質問主意書

第196回国会(常会)

答弁書


答弁書第二〇三号

内閣参質一九六第二〇三号
  平成三十年七月二十七日
内閣総理大臣 安倍 晋三   


       参議院議長 伊達 忠一 殿

参議院議員川田龍平君提出若者のセックスを真剣に考えることに関する質問に対し、別紙答弁書を送付する。

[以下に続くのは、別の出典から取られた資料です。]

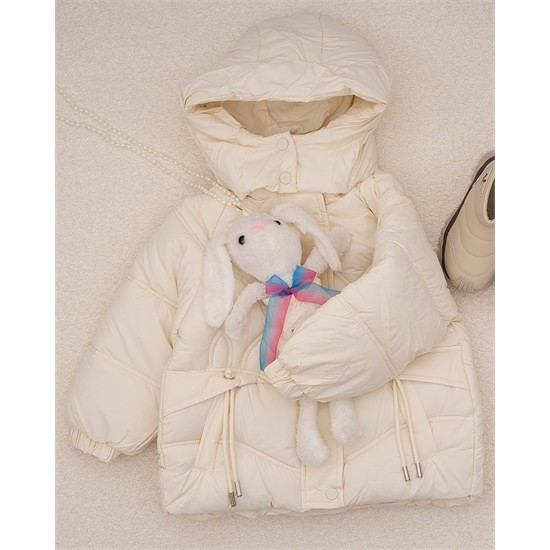 ست کاپشن و عروسک خرگوشي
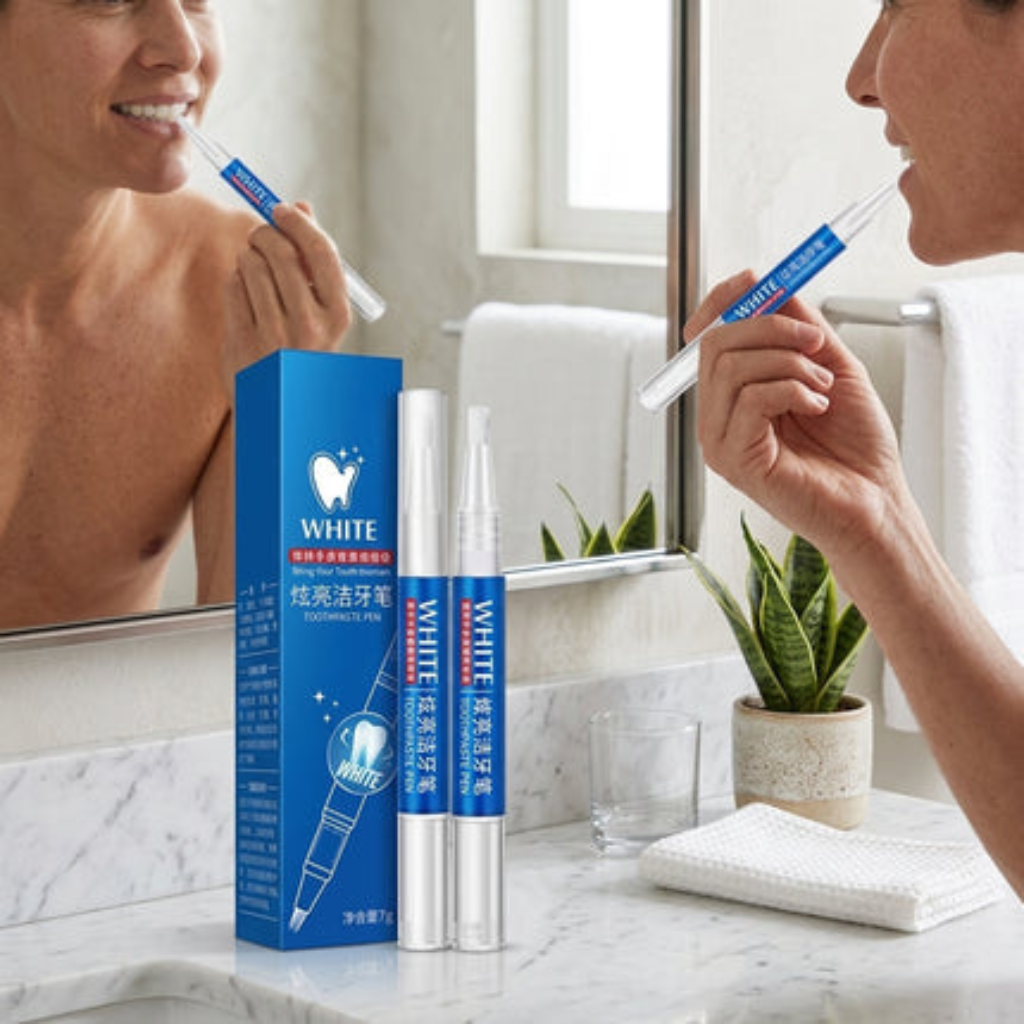 Tooth Whitening Gel Pen Smile Brightener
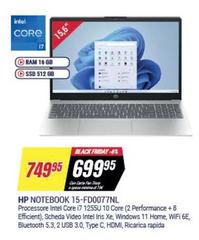 HP - Notebook 15-fd0077nl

   参議院議員川田龍平君提出若者のセックスを真剣に考えることに関する質問に対する答弁書

一について

 お尋ねの「いわゆる「はどめ規定」」については、中央教育審議会で平成二十年一月十七日に取りまとめられた「幼稚園、小学校、中学校、高等学校及び特別支援学校の学習指導要領等の改善について(答申)」において、「「(…の)事項は扱わないものとする」等と定める、いわゆる「はどめ規定」は、これらの発展的な内容を教えてはならないという趣旨ではなく、すべての子どもに共通に指導するべき事項ではないという趣旨である」とされている。
 また、中学校学習指導要領(平成二十年文部科学省告示第二十八号)においては、「第二章以下に示す内容の取扱いのうち内容の範囲や程度等を示す事項は、すべての生徒に対して指導するものとする内容の範囲や程度等を示したものであり、学校において特に必要がある場合には、この事項にかかわらず指導することができる。ただし、これらの場合には、第二章以下に示す各教科、道徳及び特別活動並びに各学年、各分野又は各言語の目標や内容の趣旨を逸脱したり、生徒の負担過重となったりすることのないようにしなければならない」とされている。
 御指摘の「解釈」及び「不当に萎縮させない」の意味するところが必ずしも明らかではないが、性に関する指導に当たっては、発達の段階を踏まえること、学校全体で共通理解を図ることや保護者の理解を得ることに配慮するとともに、性的な発達への適応については、個々の生徒間で発達の差異が大きいことから、集団で一律に指導する内容と、個々の生徒の抱えている問題に応じ個別に指導する内容を区別して指導することとしているところであり、中学校学習指導要領において「妊娠の経過は取り扱わない」としていることは、特段不合理であるとは考えていない。

二について

 お尋ねの「活用」の具体的に意味するところが必ずしも明らかではないが、性に関する指導に対する価値観は国によって異なるため、御指摘の「ガイダンス」の有用性も含め、性に関する指導の在り方については、今後とも検討していくことが必要であると考えている。

三について

 御指摘の「全ての子どもたちが安心して頼れる、科学的証拠に基づいた性に関する包括的内容を扱うウェブコンテンツ」の意味するところが必ずしも明らかではないが、例えば、厚生労働科学研究費補助金により作成された女性の健康に関するウェブサイトである「女性の健康推進室 ヘルスケアラボ」においては、「ひとりで悩まない思春期の性と健康」等をテーマに、性に関する正しい知識の普及啓発等を行っている。

四について

 御指摘の「事前の避妊手段の多様化と低廉化、アクセシビリティの向上」については、保健衛生上の観点等から、慎重な検討を要するものと考えている。政府としては、予期せぬ妊娠に悩む女性を減らすためには、避妊等に関する正しい知識を身につけることも重要であると考えており、厚生労働省のホームページにおいて、避妊方法や性感染症を含めた思春期の体や心に関する正しい知識の普及啓発のためのリーフレットを掲載しているところである。

五について

 お尋ねの「若者の健康支援の観点からの機能を追加すること」の意味するところが必ずしも明らかではないが、性犯罪・性暴力被害者のためのワンストップ支援センター(以下「センター」という。)は、性犯罪・性暴力被害者に、被害直後からの総合的な支援を可能な限り一か所で提供することにより、被害者の心身の負担を軽減し、その健康の回復を図ることを目的とするものであり、センターに被害者支援とは別の機能を追加することについては、潜在化、継続化、深刻化する傾向が高い性犯罪・性暴力被害の特殊性を踏まえ、慎重に検討する必要があると考えている。